RECORDS FOR THE TASK:

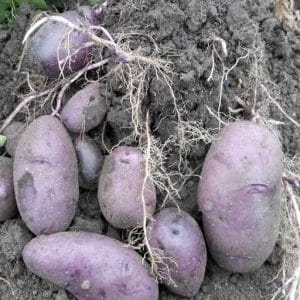 Unpretentious potato variety Chugunka for regions with temperate climates and southern regions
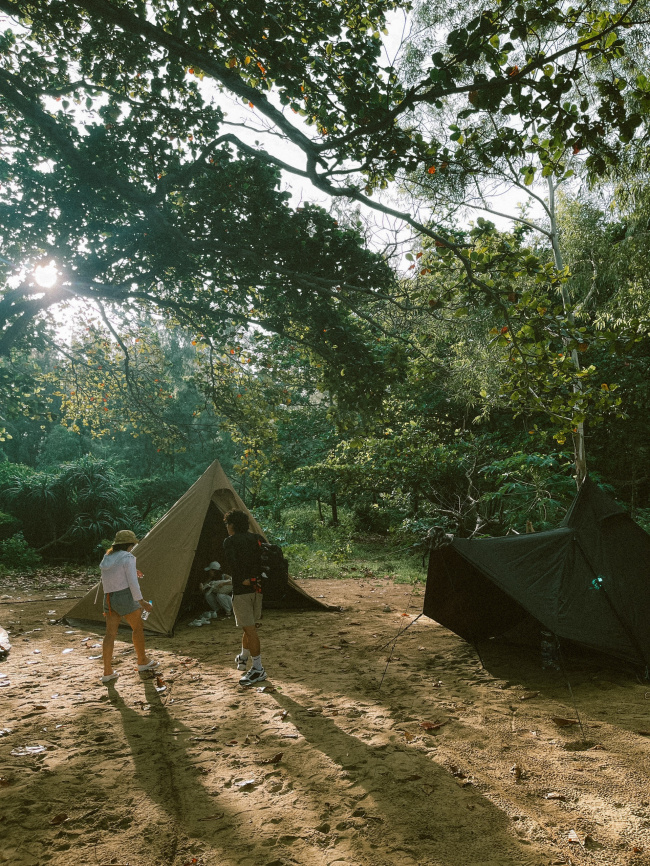 camping, cu lao mai nha, experience, phu yen, sunrise, sunset, travel, an emerging camping site in phu yen: where there are grass hills to hunt beautiful sunrises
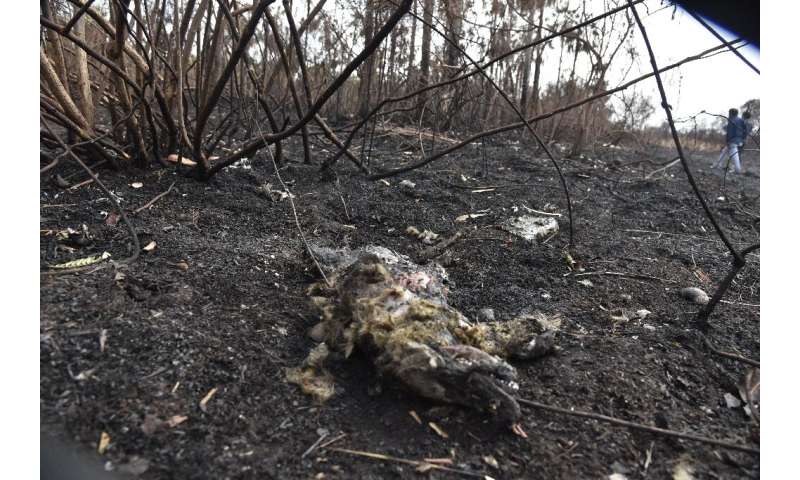 The remains of a fox killed in a forest fires in the Otuquis National Park in eastern Bolivia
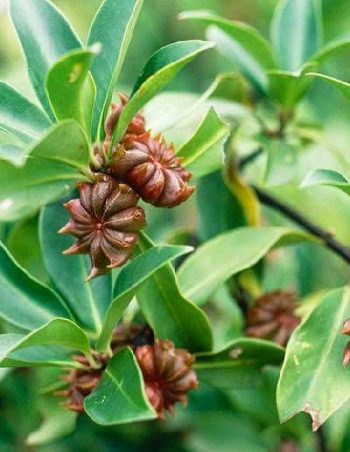 Star Anise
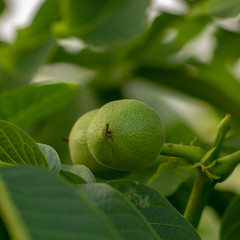 Fruits of a walnut on a branch of a tree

WHAT YOU ARE ASKED TO DO: In the copy, include every line of the records exactly and none of the images.

ANSWER SECTION:
 Unpretentious potato variety Chugunka for regions with temperate climates and southern regions
 camping, cu lao mai nha, experience, phu yen, sunrise, sunset, travel, an emerging camping site in phu yen: where there are grass hills to hunt beautiful sunrises
 The remains of a fox killed in a forest fires in the Otuquis National Park in eastern Bolivia
 Star Anise
 Fruits of a walnut on a branch of a tree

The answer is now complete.